= Phadebas =

Phadebas is a synthetic biochemical substrate used for both qualitative and quantitative assessment of the α-amylase enzyme. Its active component is DSM-P, microspheres in which a blue dye has been chemically bound. When the substrate is digested by the amylase enzyme in solution, it releases that blue dye at a rate proportional to the quantity of the enzyme present. It is used in a range of applications from quality control tests for food & beverages to detection of saliva stains in forensic investigations.

==History==

The "Phadebas Amylase Test" (PAT) was the first product developed by Pharmacia Diagnostics and was launched in 1970. The name Phadebas is an abbreviation of Pharmacia Diagnostics Biologically Active Substances. In the 70s, PAT was used in hospitals worldwide as an in vitro diagnostics test for acute pancreatitis but the application was later outrivaled by automatic analysis systems. PAT is no longer marketed for the IVD-market and no longer upholds its EC-certificate. Even though the original application has vanished the product is still used as a colouring agent in some clinical assays. Phadebas does not play an active role in the later diagnosis in these assays. The semi-manual method of Phadebas proved to function in other applications outside of the IVD-market. The method was taken up by forensic laboratories and by the food and chemical industry. In 2005 the company was acquired by Magle Life Sciences and in 2007, Phadebas Forensic was launched as a first diversification within the product family. Three years later, Phadebas Honey Diastase Test was launched resulting in totally eight products in the Phadebas portfolio.

==Applications==
Phadebas is used in a wide range of applications from quality control tests for food & beverages to detection of saliva stains in forensic investigation.

===Research and quality===
PAT is used for accurately determining α-amylase for a wide variety of industrial as well as academic applications, e.g.;
- α-amylase from detergents
- Biotech research & development (e.g., bacterial excretion of amylase)
- Dentistry applications
- Reagent for the clinical diagnosis of pancreatitis
- Specialty chemicals

===Forensics===
The Phadebas Forensic Press test is used as a presumptive test for saliva. Phadebas may be used to find saliva as a DNA source, or to identify the origin of a stain. The test is performed by placing paper bound with the Phadebas substrate to a sample, and applying pressure. It is a more sensitive and selective method to identify saliva stains than alternate light sources as these stains do not strongly fluoresce and may be confused with other biological fluids such as semen. The test may be considered selective for saliva as α-amylase activity in saliva is typically several orders of magnitude higher than in other body fluids. A study has shown that as many as 40% of saliva stains on garments go undetected when using alternate light sources.
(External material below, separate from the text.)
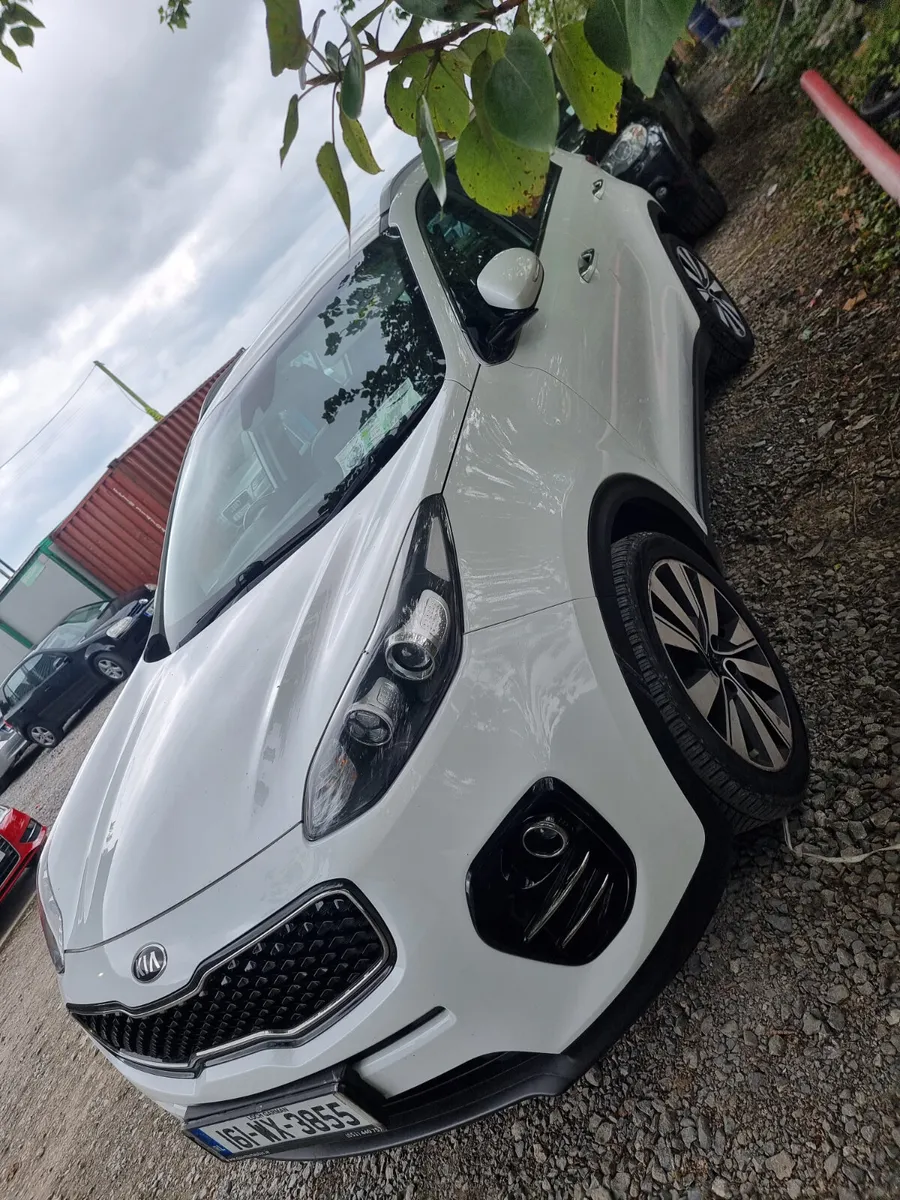 Kia Sportage 2016 low mileage top spec  €13650 - Image 2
The test is capable of locating saliva deposits with little dependence on the porosity of the substrate.

==== Specificity to saliva ====
There are other bodily substances that can test positive for alpha-amylase using the Phadebas Forensic Press test. Some examples include faeces, semen, urine and tears. Although there is possibility of false positives from other sources of amylase, the instructions for use published by Phadebas Forensic state that no other forensically relevant biological fluid (with the exception of faeces) will react within 10 minutes of performing the test. It is also been shown that certain undiluted detergents can cause a positive reaction when tested with the Phadebas amylase test. The test is not human specific; it is sensitive to saliva from other species, amylase from microbes such as Baccilus and extracts from certain plants including apple and cabbage.

===Alimentary===
The test is used for determining α-amylase in a wide variety of food applications, for example in food and beverages:
- Egg powder
- Wheat
- Milk
- Honey
According to the EU Honey Directive, diastase activity is a composition criterion that must be determined for honeys intended for human consumption. The official analysis methods for the determination of diastase activity in honey are the Schade assay and Phadebas assays, recommended by the International Honey Commission. As this method is based on fixed equations instead of a standard curve the new Phadebas honey diastase test was developed, to ensure stable results independent of batch.